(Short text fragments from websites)

◆ ◆ ◆

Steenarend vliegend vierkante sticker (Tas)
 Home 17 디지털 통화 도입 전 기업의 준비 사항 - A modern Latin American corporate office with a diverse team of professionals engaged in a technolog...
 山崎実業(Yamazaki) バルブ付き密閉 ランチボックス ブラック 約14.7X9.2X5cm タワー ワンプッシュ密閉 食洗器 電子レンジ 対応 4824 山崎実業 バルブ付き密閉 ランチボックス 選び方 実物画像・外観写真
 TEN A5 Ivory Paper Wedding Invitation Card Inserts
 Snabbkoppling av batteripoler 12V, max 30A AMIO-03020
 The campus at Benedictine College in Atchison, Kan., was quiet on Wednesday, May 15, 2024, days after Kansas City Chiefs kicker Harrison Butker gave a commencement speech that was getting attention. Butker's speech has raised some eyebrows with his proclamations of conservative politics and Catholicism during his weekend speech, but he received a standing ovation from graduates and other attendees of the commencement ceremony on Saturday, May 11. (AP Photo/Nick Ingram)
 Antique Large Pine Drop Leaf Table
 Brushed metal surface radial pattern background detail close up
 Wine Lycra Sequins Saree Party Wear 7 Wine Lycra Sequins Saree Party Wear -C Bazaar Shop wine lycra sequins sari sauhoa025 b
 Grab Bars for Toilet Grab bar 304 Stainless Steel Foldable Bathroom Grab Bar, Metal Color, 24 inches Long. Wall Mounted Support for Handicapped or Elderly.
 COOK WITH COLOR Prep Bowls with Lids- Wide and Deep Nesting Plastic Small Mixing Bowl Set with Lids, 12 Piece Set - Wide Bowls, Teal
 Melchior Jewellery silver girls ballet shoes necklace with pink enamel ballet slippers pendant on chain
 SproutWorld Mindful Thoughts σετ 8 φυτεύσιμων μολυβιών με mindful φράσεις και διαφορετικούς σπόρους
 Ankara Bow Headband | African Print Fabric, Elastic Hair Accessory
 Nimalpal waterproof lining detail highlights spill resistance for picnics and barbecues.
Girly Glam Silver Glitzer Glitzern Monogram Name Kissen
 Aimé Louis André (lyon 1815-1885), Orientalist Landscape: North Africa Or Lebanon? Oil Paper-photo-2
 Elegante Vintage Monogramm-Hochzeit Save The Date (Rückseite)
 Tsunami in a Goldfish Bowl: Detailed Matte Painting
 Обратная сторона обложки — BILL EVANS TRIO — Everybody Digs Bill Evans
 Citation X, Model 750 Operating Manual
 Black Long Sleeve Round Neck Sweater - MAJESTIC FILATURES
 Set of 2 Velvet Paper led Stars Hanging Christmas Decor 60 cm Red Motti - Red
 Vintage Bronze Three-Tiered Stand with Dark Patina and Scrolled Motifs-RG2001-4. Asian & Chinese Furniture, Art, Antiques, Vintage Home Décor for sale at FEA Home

◆ ◆ ◆

### TASK BRIEF
Which lines above contain the word "Home"? Copy each one.

### WORKED SOLUTION
 Home 17 디지털 통화 도입 전 기업의 준비 사항 - A modern Latin American corporate office with a diverse team of professionals engaged in a technolog...
 Vintage Bronze Three-Tiered Stand with Dark Patina and Scrolled Motifs-RG2001-4. Asian & Chinese Furniture, Art, Antiques, Vintage Home Décor for sale at FEA Home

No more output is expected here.